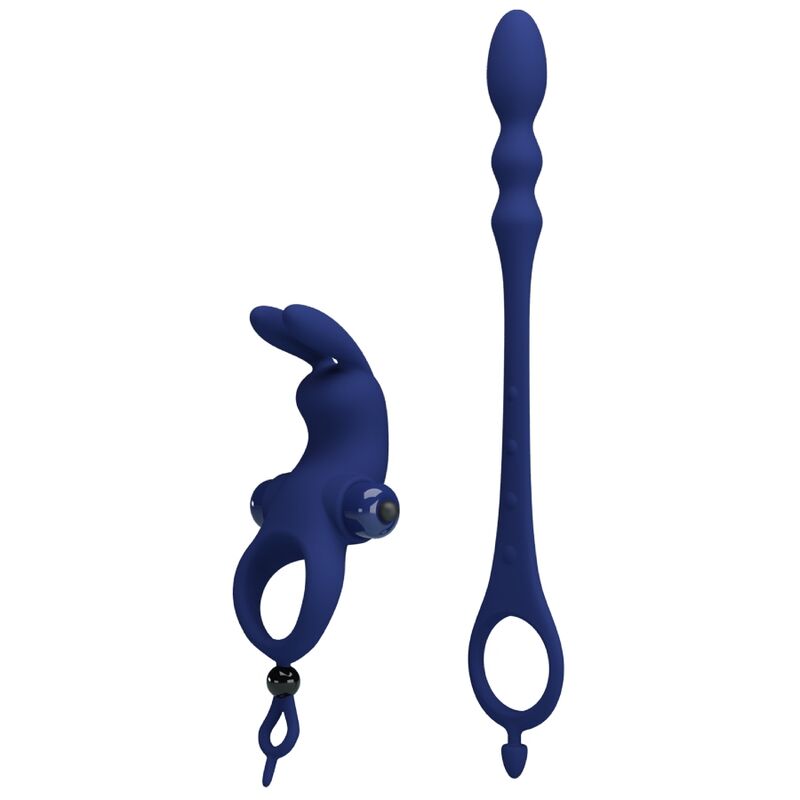 PRETTY LOVE - AYAD RABBIT VIBRATORRING MIT PLUG BLAU - Sexotim
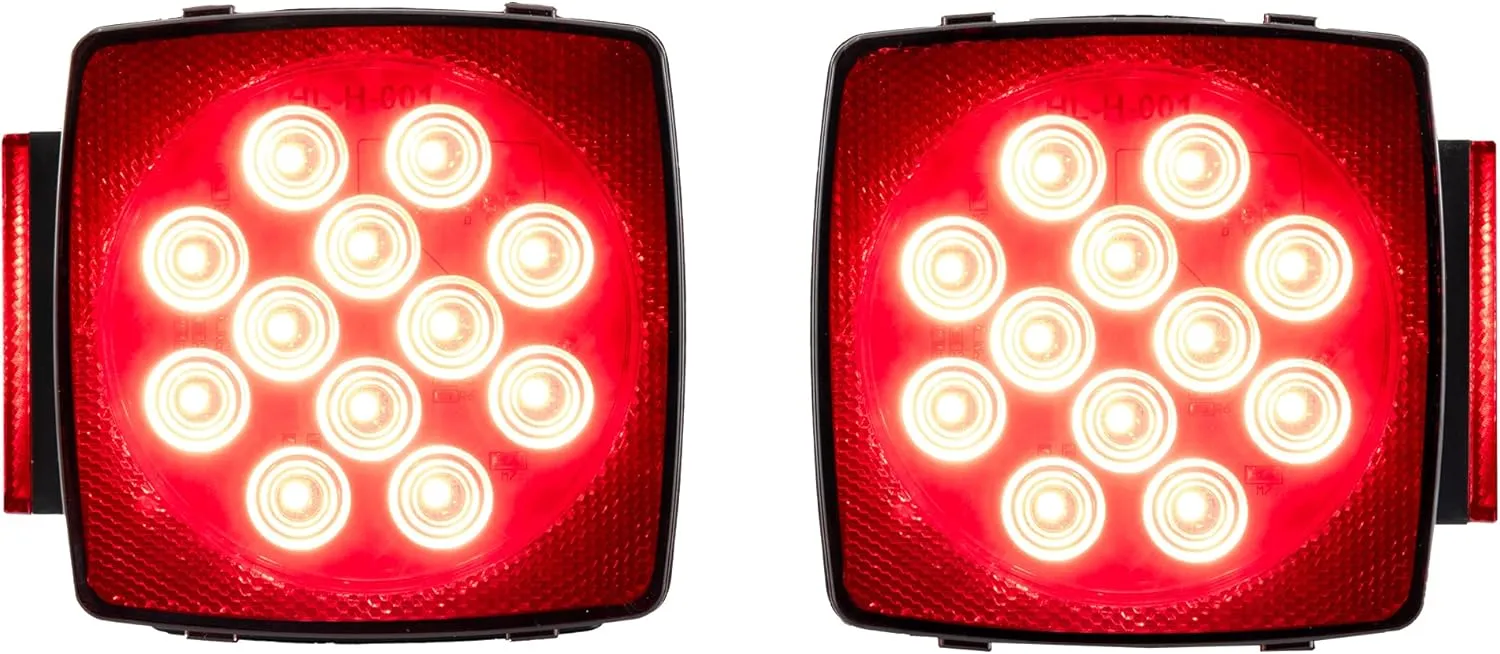 RecPro Trailer Tail Light Kit |12V Subermersible Square LED Red Light Pair Set | Stop Turn Tail Brake Rear | For Boats, Trailers, Utility Trailer, RV, Camper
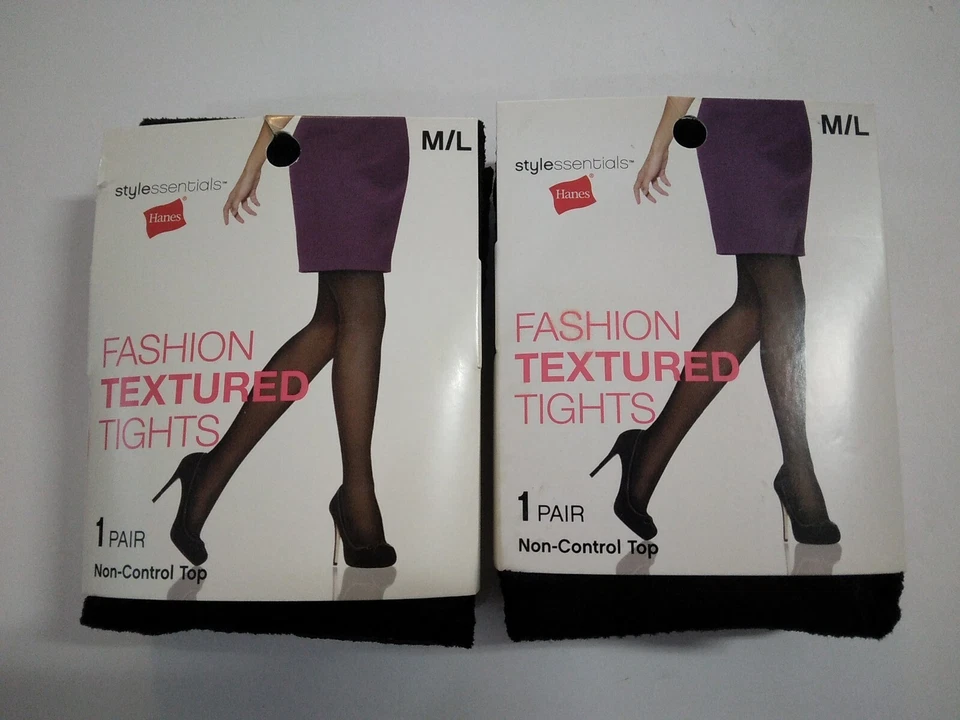 Medias texturizadas Hanes Style Essentials Fashion SE punto diamante negro lote de 2 nuevas Foto 1 de 4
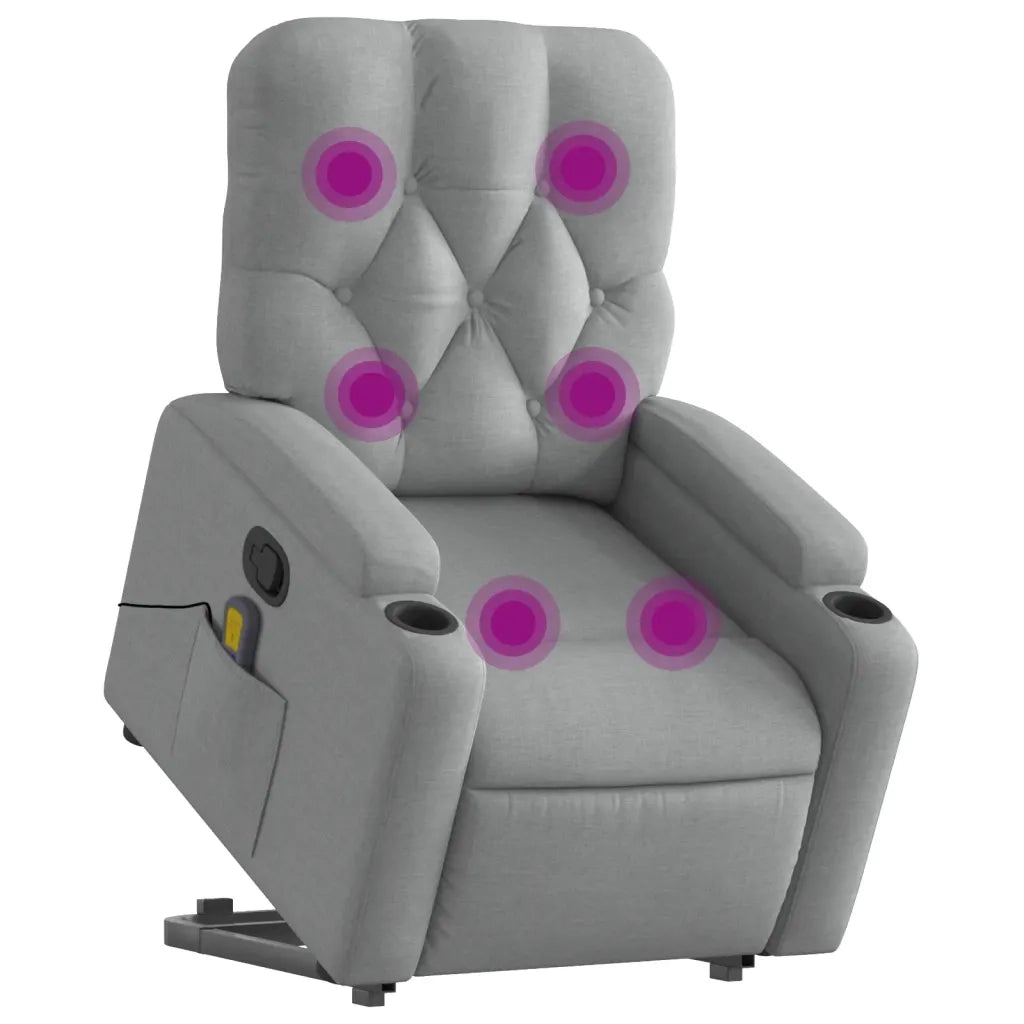 Poltrona | Sedia Relax Alzapersona Massaggi Reclinabile Grigio Chiaro Tessuto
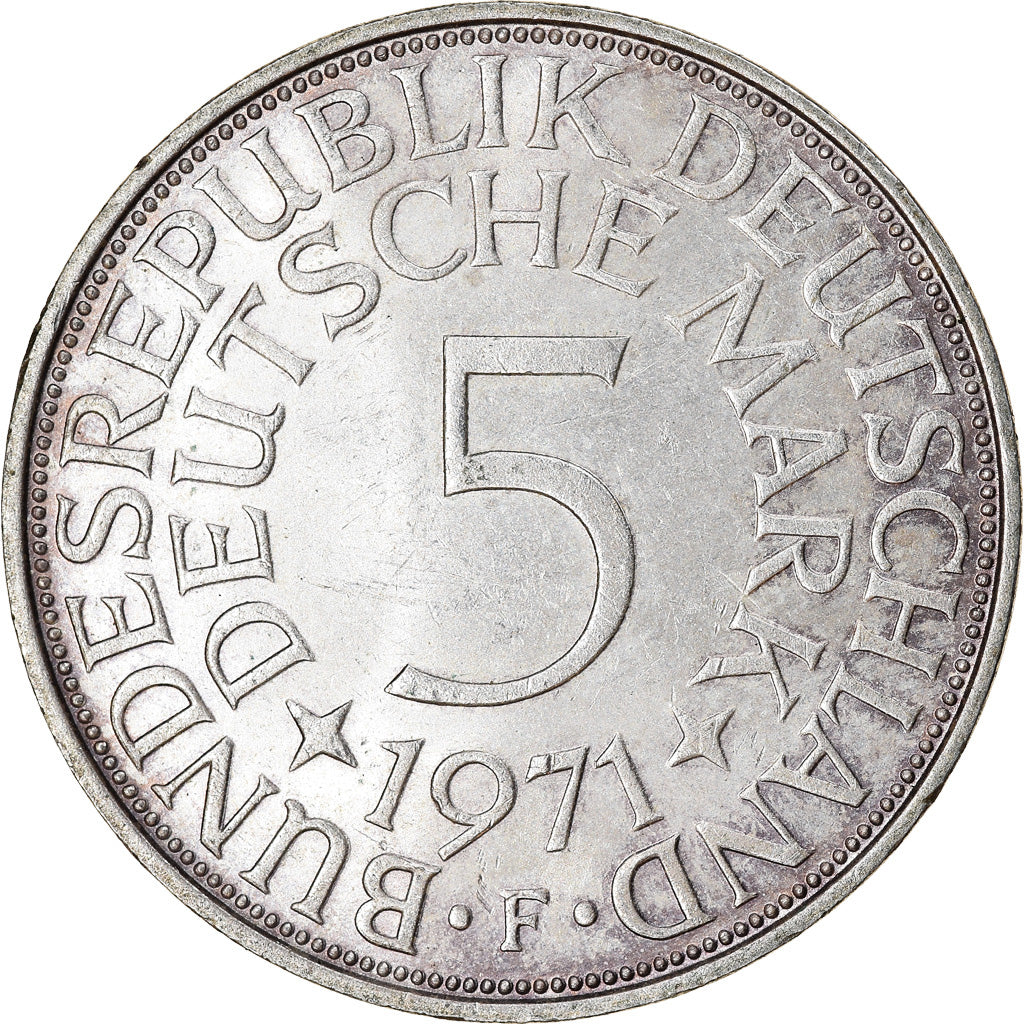 Coin, GERMANY - FEDERAL REPUBLIC, 5 Mark, 1971, Stuttgart, AU(55-58), Silver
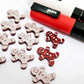 red glitter gingerbread men Christmas Xmas DIY earring supplies laser cut acrylic studs blanks engraved paint fill mixed pack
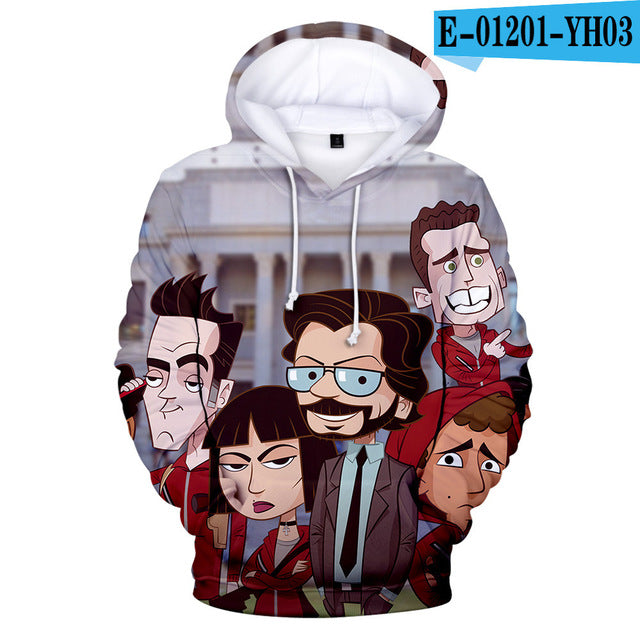 Salvador Dali La Casa De Papel 3D Print Women/men Hoodies Sweatshirts Poleron Hombre Money Heist House of Paper Cosplay Costume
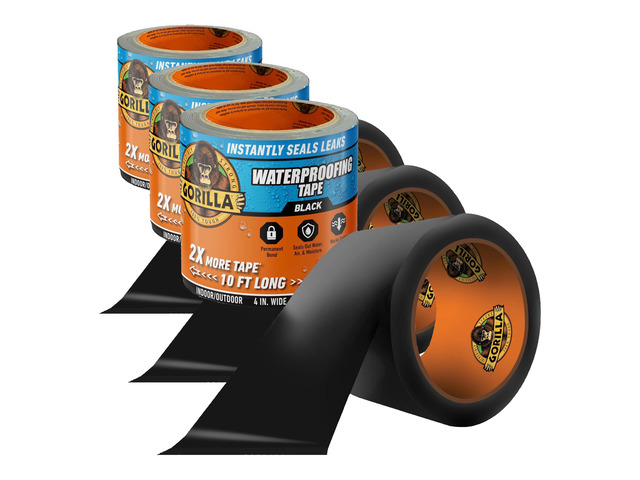 Waterproof Patch & Seal Tape, Black Tape, 4' x 10' (Pack of 3) - Permanent Weather Resistant Seal for Leaks and Repairs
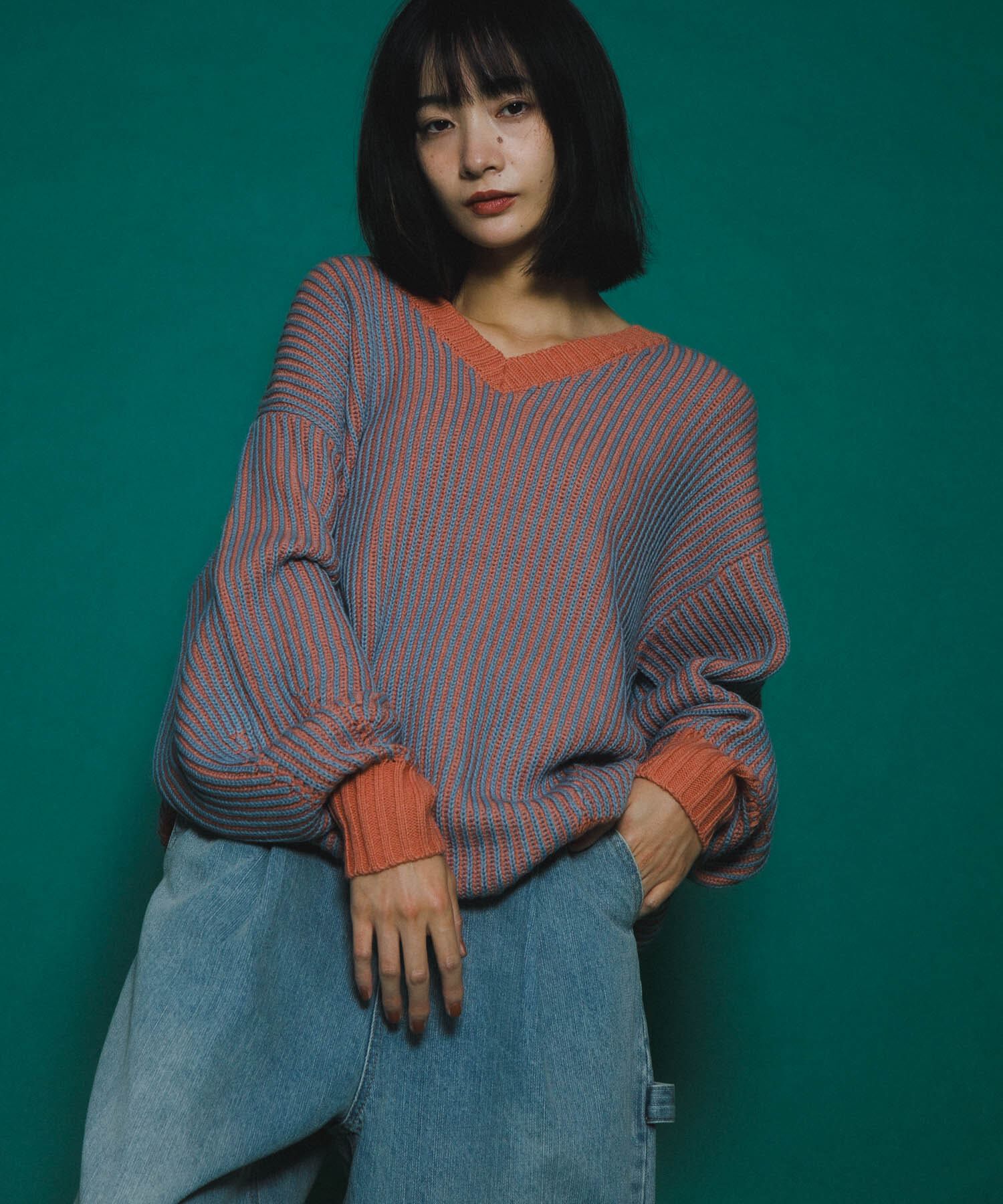  「バイカラーRIBオーバーニット」|ニット・セーター|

########

• [Your goal]: Without the pictures, give all of the entries above again exactly.

• [Solution]:
 PRETTY LOVE - AYAD RABBIT VIBRATORRING MIT PLUG BLAU - Sexotim
 RecPro Trailer Tail Light Kit |12V Subermersible Square LED Red Light Pair Set | Stop Turn Tail Brake Rear | For Boats, Trailers, Utility Trailer, RV, Camper
 Medias texturizadas Hanes Style Essentials Fashion SE punto diamante negro lote de 2 nuevas Foto 1 de 4
 Poltrona | Sedia Relax Alzapersona Massaggi Reclinabile Grigio Chiaro Tessuto
 Coin, GERMANY - FEDERAL REPUBLIC, 5 Mark, 1971, Stuttgart, AU(55-58), Silver
 red glitter gingerbread men Christmas Xmas DIY earring supplies laser cut acrylic studs blanks engraved paint fill mixed pack
 Salvador Dali La Casa De Papel 3D Print Women/men Hoodies Sweatshirts Poleron Hombre Money Heist House of Paper Cosplay Costume
 Waterproof Patch & Seal Tape, Black Tape, 4' x 10' (Pack of 3) - Permanent Weather Resistant Seal for Leaks and Repairs
  「バイカラーRIBオーバーニット」|ニット・セーター|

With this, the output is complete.